Assignment: Beginning with the first line of the data below, extract each line up to and including the one containing "1700 Tower Pointe Dr - Photo 29". Copy them exactly and add nothing.

Supplied entries:
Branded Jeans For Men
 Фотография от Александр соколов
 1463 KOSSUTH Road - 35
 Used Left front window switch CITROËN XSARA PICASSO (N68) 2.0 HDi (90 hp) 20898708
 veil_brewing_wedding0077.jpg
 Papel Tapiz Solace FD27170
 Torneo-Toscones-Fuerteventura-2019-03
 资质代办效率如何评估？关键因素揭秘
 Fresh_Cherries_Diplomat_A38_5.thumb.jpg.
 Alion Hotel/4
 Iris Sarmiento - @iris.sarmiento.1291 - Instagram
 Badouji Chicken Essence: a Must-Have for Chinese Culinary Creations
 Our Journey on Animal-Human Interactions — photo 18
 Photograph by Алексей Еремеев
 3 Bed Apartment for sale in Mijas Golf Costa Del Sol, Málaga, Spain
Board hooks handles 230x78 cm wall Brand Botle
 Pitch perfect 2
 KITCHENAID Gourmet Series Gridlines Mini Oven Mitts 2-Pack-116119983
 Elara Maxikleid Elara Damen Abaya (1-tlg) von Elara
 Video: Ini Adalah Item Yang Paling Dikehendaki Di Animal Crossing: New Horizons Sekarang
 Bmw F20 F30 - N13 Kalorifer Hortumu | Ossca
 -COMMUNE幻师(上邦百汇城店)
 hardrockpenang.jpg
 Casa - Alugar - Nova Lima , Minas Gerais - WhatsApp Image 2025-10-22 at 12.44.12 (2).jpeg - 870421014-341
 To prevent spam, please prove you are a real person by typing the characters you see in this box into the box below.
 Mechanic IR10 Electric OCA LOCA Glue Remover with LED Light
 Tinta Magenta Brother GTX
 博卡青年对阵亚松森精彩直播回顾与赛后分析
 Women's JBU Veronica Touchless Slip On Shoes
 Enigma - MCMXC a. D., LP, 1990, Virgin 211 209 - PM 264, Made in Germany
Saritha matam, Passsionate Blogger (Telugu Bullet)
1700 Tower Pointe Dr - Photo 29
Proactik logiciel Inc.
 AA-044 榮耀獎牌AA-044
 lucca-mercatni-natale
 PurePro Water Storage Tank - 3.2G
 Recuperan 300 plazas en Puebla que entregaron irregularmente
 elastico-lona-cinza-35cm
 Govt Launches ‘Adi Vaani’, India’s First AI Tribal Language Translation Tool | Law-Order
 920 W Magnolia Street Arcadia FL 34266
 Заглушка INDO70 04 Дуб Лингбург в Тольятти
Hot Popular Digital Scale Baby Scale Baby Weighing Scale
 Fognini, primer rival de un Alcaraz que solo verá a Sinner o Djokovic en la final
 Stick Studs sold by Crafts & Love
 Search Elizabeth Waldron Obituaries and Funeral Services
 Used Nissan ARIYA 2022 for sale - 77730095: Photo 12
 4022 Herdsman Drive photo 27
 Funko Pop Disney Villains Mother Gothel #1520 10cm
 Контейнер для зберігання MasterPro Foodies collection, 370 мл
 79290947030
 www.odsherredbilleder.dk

Response to the exercise:
Branded Jeans For Men
 Фотография от Александр соколов
 1463 KOSSUTH Road - 35
 Used Left front window switch CITROËN XSARA PICASSO (N68) 2.0 HDi (90 hp) 20898708
 veil_brewing_wedding0077.jpg
 Papel Tapiz Solace FD27170
 Torneo-Toscones-Fuerteventura-2019-03
 资质代办效率如何评估？关键因素揭秘
 Fresh_Cherries_Diplomat_A38_5.thumb.jpg.
 Alion Hotel/4
 Iris Sarmiento - @iris.sarmiento.1291 - Instagram
 Badouji Chicken Essence: a Must-Have for Chinese Culinary Creations
 Our Journey on Animal-Human Interactions — photo 18
 Photograph by Алексей Еремеев
 3 Bed Apartment for sale in Mijas Golf Costa Del Sol, Málaga, Spain
Board hooks handles 230x78 cm wall Brand Botle
 Pitch perfect 2
 KITCHENAID Gourmet Series Gridlines Mini Oven Mitts 2-Pack-116119983
 Elara Maxikleid Elara Damen Abaya (1-tlg) von Elara
 Video: Ini Adalah Item Yang Paling Dikehendaki Di Animal Crossing: New Horizons Sekarang
 Bmw F20 F30 - N13 Kalorifer Hortumu | Ossca
 -COMMUNE幻师(上邦百汇城店)
 hardrockpenang.jpg
 Casa - Alugar - Nova Lima , Minas Gerais - WhatsApp Image 2025-10-22 at 12.44.12 (2).jpeg - 870421014-341
 To prevent spam, please prove you are a real person by typing the characters you see in this box into the box below.
 Mechanic IR10 Electric OCA LOCA Glue Remover with LED Light
 Tinta Magenta Brother GTX
 博卡青年对阵亚松森精彩直播回顾与赛后分析
 Women's JBU Veronica Touchless Slip On Shoes
 Enigma - MCMXC a. D., LP, 1990, Virgin 211 209 - PM 264, Made in Germany
Saritha matam, Passsionate Blogger (Telugu Bullet)
1700 Tower Pointe Dr - Photo 29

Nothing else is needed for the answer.